The effects of workstress on individuals

Stress affects different people in different ways. The experience of work stress can cause unusual and dysfunctional behaviour at work and contribute to poor physical and mental health. In extreme cases, long-term stress or traumatic events at work may lead to psychological problems and be conductive to psychiatric disorders resulting in absence from work and preventing the worker from being able to work again. When under stress, people find it difficult to maintain a healthy balance between work and non- work life. At the same time, they may engage in unhealthy activities, such as smoking drinking and abusing drugs. Stress may also affect the immune system, impairing people’s ability to fight infections.

When affected by work stress people may:
• become increasingly distressed and irritable
• become unable to relax or concentrate
• have difficulty thinking logically and making decisions
• enjoy their work less and feel less committed to it
• feel tired, depressed, anxious
• have difficulty sleeping
• experience serious physical problems, such as:
- heart disease,
- disorders of the digestive system,
- increases in blood pressure, headaches,
- musculo-skeletal disorders (such as low back pain and upper limb disorders)
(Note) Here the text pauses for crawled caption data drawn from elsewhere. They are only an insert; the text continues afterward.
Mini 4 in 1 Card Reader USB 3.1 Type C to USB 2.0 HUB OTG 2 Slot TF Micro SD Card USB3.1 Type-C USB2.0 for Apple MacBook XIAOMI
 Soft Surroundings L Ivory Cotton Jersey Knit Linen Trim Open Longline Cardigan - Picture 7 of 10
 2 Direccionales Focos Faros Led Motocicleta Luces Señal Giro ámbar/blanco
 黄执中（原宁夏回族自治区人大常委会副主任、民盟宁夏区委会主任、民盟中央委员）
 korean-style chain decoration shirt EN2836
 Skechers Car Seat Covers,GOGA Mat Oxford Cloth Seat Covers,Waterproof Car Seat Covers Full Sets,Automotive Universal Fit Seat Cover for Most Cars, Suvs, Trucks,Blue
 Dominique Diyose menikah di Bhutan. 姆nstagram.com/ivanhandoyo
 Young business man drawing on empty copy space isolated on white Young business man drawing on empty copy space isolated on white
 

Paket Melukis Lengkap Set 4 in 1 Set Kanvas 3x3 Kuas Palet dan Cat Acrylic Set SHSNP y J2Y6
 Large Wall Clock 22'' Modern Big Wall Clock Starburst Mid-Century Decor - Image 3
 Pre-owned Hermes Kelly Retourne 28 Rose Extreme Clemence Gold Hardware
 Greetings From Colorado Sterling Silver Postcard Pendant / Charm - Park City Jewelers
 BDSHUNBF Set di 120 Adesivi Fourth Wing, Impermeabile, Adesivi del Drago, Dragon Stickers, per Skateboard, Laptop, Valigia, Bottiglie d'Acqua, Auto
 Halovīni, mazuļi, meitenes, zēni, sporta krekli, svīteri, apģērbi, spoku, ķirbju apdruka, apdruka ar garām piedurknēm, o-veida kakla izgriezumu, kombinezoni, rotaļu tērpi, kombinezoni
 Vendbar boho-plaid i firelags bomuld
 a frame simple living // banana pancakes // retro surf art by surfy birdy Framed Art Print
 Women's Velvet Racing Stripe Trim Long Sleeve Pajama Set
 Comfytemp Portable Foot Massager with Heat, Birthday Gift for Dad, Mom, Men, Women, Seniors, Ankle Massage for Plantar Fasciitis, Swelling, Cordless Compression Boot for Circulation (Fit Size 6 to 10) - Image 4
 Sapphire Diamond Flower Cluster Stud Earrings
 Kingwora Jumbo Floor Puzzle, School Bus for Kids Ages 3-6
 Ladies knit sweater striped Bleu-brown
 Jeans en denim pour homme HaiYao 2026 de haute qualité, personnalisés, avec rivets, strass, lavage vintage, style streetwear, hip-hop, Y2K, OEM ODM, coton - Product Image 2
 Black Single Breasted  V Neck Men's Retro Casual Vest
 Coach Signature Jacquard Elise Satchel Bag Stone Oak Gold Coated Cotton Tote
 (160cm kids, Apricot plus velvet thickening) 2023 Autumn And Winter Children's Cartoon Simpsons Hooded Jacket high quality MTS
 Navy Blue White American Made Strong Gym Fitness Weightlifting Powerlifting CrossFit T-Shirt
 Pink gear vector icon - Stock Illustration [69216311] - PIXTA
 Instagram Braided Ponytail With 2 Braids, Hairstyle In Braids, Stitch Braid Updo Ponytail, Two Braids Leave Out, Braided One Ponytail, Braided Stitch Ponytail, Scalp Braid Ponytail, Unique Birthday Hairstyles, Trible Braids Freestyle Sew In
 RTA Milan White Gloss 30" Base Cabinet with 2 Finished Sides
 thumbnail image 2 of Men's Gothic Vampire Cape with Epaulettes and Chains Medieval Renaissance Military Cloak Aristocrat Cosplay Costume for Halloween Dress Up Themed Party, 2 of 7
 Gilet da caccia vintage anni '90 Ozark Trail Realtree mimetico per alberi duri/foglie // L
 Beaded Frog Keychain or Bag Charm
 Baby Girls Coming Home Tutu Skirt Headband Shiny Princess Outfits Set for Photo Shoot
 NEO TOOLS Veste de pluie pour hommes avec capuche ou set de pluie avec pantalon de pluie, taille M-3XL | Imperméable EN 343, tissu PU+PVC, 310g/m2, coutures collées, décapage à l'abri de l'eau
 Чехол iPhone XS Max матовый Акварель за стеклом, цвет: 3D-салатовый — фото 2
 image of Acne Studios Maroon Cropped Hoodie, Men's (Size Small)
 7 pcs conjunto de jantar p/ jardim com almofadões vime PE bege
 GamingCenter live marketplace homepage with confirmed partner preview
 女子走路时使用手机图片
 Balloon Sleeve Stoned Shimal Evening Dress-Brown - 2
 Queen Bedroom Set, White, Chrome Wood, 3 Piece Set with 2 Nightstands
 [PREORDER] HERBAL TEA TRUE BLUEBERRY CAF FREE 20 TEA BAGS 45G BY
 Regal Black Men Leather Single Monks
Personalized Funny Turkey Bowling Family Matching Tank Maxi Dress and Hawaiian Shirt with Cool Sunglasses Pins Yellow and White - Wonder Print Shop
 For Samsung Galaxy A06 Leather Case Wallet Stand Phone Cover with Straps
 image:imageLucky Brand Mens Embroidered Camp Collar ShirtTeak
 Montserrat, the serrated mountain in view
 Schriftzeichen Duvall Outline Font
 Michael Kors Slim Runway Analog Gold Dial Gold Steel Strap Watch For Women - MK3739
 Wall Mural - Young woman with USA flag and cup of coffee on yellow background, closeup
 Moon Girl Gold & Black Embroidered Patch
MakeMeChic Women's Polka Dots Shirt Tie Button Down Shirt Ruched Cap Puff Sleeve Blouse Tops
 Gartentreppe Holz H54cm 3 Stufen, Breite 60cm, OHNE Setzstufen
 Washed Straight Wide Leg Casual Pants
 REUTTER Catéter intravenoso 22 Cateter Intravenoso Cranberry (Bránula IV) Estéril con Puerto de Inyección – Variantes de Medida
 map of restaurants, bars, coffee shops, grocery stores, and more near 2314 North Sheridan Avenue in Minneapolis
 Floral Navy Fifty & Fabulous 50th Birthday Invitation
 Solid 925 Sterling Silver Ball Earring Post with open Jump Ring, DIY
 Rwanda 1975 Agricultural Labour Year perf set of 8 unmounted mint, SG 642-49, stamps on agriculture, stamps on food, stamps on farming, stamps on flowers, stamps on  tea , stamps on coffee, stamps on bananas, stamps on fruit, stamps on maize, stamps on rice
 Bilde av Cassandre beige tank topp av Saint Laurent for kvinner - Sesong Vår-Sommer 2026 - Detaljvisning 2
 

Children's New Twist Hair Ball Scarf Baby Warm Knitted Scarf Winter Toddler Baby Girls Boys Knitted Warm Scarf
Work stress is thought to affect organisations by:
• increasing absenteeism
• decreasing commitment to work
• increasing staff turn-over
• impairing performance and productivity
• increasing unsafe working practices and accident rates
• increasing complaints from clients and customers
• adversely affecting staff recruitment
• increasing liability to legal claims and actions by stressed workers
• damaging the organisation’s image both among its workers and externally

The effects of workstress on organisations

If key staff or a large number of workers are affected, work stress may challenge the healthiness and performance of their organisation. Unhealthy organisations do not get the best from their workers and this may affect not only their performance in the increasingly competitive market but eventually even their survival.